Applied AI

With all the major tech companies open-sourcing their latest machine learning algorithms and building SaaS infrastructure around it, we’re entering the age of commoditisation. Even the (laudable) attempts to build open source data sets for common machine learning tasks could threaten any data advantage a startup may have. So what does that mean for startups?

I participated in a panel debate at Capital Enterprise’s CASTS launch last Thursday looking at the AI scene in London. One entrepreneur’s question deserved a fuller answer than the one I gave at the time. It was about how to answer VCs wanting to know what IP assets her company had.

Having spent some time investing for a fund that required patentable innovation when most other VCs were focused on eCommerce, social, marketplace, and SaaS businesses, it is odd to see the same VCs demand protectable IP from today’s AI-enabled businesses.

In particular, my colleague, Sebastian Spiegler (@SRSpiegler), draws an analogy with the noughties when the explosion in web-enabled businesses was built on the availability of cheap distributed computing and front-end platforms. Many valuable businesses were built without any proprietary technology. Instead they relied on domain knowledge that conferred first-mover advantage (and executed like crazy). Likewise, those using commoditised machine learning infrastructure and algorithms can apply their own vertical/market expertise to create valuable products and services today.
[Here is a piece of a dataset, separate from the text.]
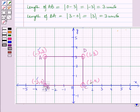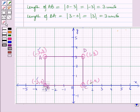So in this session, we have learned how to draw polygons in a coordinate plane and how to find the length of a side joining vertices having the same x-coordinate or the same y-coordinate. This completes our session. Hope you all have enjoyed the session. Thank you.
These applied approaches look like a smart move to me. With so much money being invested by the gorillas to ensure commoditisation, doing a horizontal play must bring additional risk (as pointed out by Matt Turk’s piece on Building an AI Startup). These platforms and tools level the playing field and enable valuable new products and services to be built upon them. We (@ProjectJunoAI) didn’t have enough space to look at all the vertical-focused machine intelligence companies in our recent AI-landscape work. We will look in more detail at these verticals soon.

John Spindler (CEO of Capital Enterprise) also rightly pointed out the complexity involved in knitting together solutions and the non-trivial implementation headaches of building for resilience, user experience and scale. These things may not be patentable, but they still form an effective barrier to entry. Vertical-focused AI-enabled businesses should have the considerable advantage of being able to clearly define what their value proposition is too!

The age of machine learning commoditisation is also the age of applied AI.